Saturday, February 24, 2007

It's so black that if you were to ask, how much blacker could it be, the answer would be None. None more black. -- that documentary about a band, whats it called. Spinal Tap. maybe. (also: It goes to eleven.)
Douglas Adams, in The Restaurant at the End of the Universe, describes a sleek black stuntship:
"'It's so ... black!' said Ford Prefect, 'you can hardly make out its shape ... light just seems to fall into it!' Zaphod said nothing. He had simply fallen in love. The blackness of it was so extreme that it was almost impossible to tell how close you were standing to it."
The illustrious Springboks may boast the most tank-like forwards, the English (in their lilly white!) a gargantuan pack of solid iron, the French famously unpredictable elan and flair nice sentence he's got going here backed up by uncompromising muscle, but only the New Zealanders take the field in All Black.
There are no go-faster stripes; no interwoven crests, no braid, no sponsorship logos, no player names emblazoned across its shoulder (every new All Black is told "this is not your shirt; you are just the current custodian"). It is just black, pure black, interrupted only by the manafacturer's logo and the silver fern which emblemises new Zealand Rugby.

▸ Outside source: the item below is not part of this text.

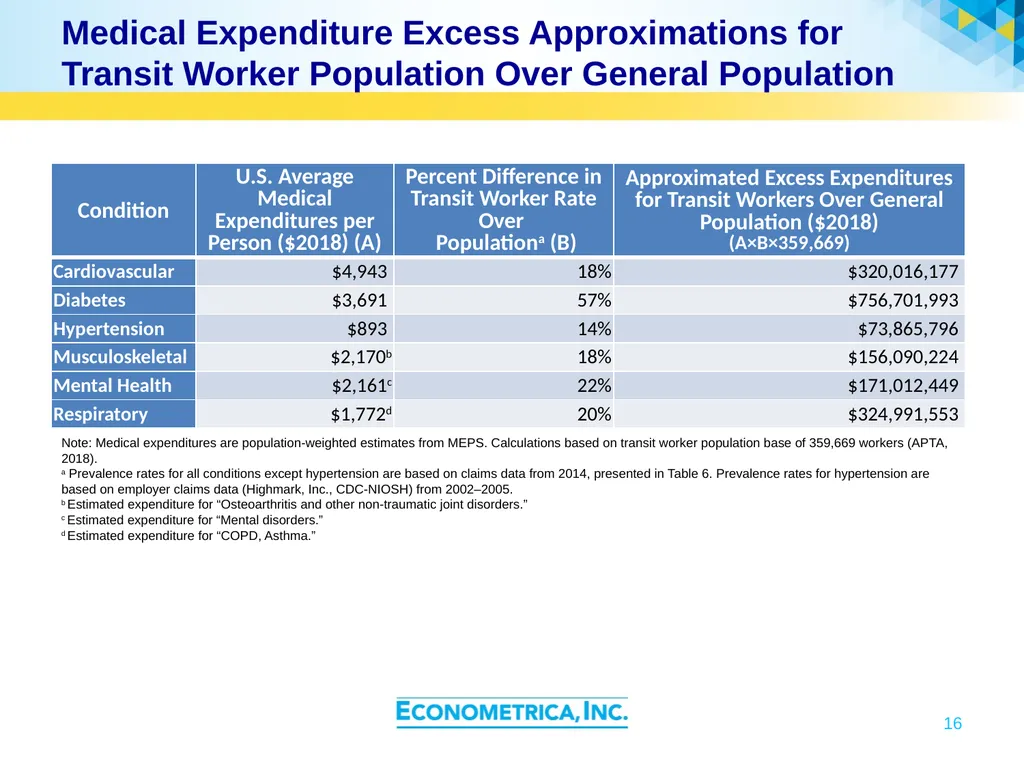 Cooperative Research Programs Transportation - slide 16 of 37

Credit to Adidas, then, who only picked up the All Blacks contract in the last decade, and had the sense not to jazz up the All Blacks jersey, but to further simplify it (removing the white collar and the (small) brewer's logo). Credit to the NZRFU for appreciating the value of the mystique, and refusing to sell an actual match specimen to anyone: this is a very similar shirt, make no mistake, but it's not an exact rendition of the model worn on the field by the New Zealand All Blacks.
If you want one of those, there's only one way to get it.
And that's how it should be.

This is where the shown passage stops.